ADR: Hierarchical Merkle Tree

Date: 2026-05-18 (updated 2026-05-19) Status: Shipped (Phases 1-3, Phase 4 partially shipped). Implementation extracted to merkle-strata library (v0.4.0). Impact: Foundational. Changes the role of the Merkle tree from integrity mechanism to performance architecture.

Context

knowing's identity since day one has been content-addressed: every node, edge, and snapshot is a SHA-256 hash. Snapshots are Merkle roots over sorted edge hashes. This gave us integrity, deterministic identity, and efficient equality checks.

But the original Merkle tree was flat: sort all edge hashes, build a binary tree, compare roots. Diffing two snapshots required O(edges) work (building hash sets and scanning for differences). Caching query results was keyed to the global root, so any change anywhere invalidated everything.

The flat model scaled linearly with graph size and couldn't answer the question every downstream system actually asks: "did the part I care about change?"

Decision

Replace the flat Merkle tree with a hierarchical structure organized by semantic boundaries:

repo root
  package roots (one per Go/TS/Python package)
    edge-type roots (calls, imports, implements, references, throws)
      edge leaf hashes

The repo root is still a single hash (backward compatible). But now intermediate roots exist at every level, and each root can be compared independently.

Consequences

The Merkle tree becomes the query engine, not just an integrity check.

Before: "Did anything change?" (compare one root, then scan all edges to find what) After: "Did package X change?" (compare one package root). "Did call edges change?" (compare one edge-type root). "Is my cached blast_radius still valid?" (compare the subgraph root for the relevant packages).

Performance: - Diff: O(packages) with semantically meaningful output (package names, edge types). Scales with edge count: 249x at 10K, 516x at 50K, 565x at 100K edges (vs flat linear scan).
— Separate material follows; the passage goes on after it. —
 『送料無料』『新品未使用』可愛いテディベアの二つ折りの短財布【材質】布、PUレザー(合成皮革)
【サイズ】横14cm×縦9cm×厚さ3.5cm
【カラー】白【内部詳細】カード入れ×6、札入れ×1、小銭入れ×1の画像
Validated on Grafana (249K edges, 3552 packages): diff remains microseconds. - Subgraph root lookup: 65ns (knowing), 1.5us (Grafana scale, 10 packages). - Build cost: 1.4-1.7x slower than flat construction (additional intermediate root computation). Amortized over every subsequent diff and cache lookup.

What this unlocked (shipped): - Content-addressed context packs: ContextBlock.PackRoot = hash(task_normalized + sorted(selected_node_hashes)). Same task + same graph = same PackRoot. Enables cache lookup, dedup (93-99% byte savings), cross-session replay. - Community Merkle roots: each Louvain community carries a root over its packages. Disjoint roots = disjoint work. - Subgraph caching (93x speedup): context_for_task, blast_radius, test_scope keyed to package subgraph roots. Unchanged code = cached result. - Daemon invalidation: file save changes one package; only that package's caches invalidated. - Semantic change classification: behavioral, structural, runtime_drift, metadata_only. - Merkle proofs (shipped): knowing prove (72us), knowing verify (1.2us), knowing prove-absent. Offline verifiable. - Merkleized feedback validity (v0.5.0): feedback records store SubgraphRoot; expires automatically when code changes. - Generation numbers on snapshots: O(1) ancestry checks without chain walking. - Incremental RWR cache (session 26): per-package Merkle roots in RWR cache keys. Unchanged packages keep cached walks. Django cold 3.9s -> warm 1.9s (2x). Package roots persisted to notes table during indexing. - Vocab association expiration (session 26): per-package roots anchored to learned vocab associations. When a package changes, only that package's associations expire. Same PackageRoots infrastructure.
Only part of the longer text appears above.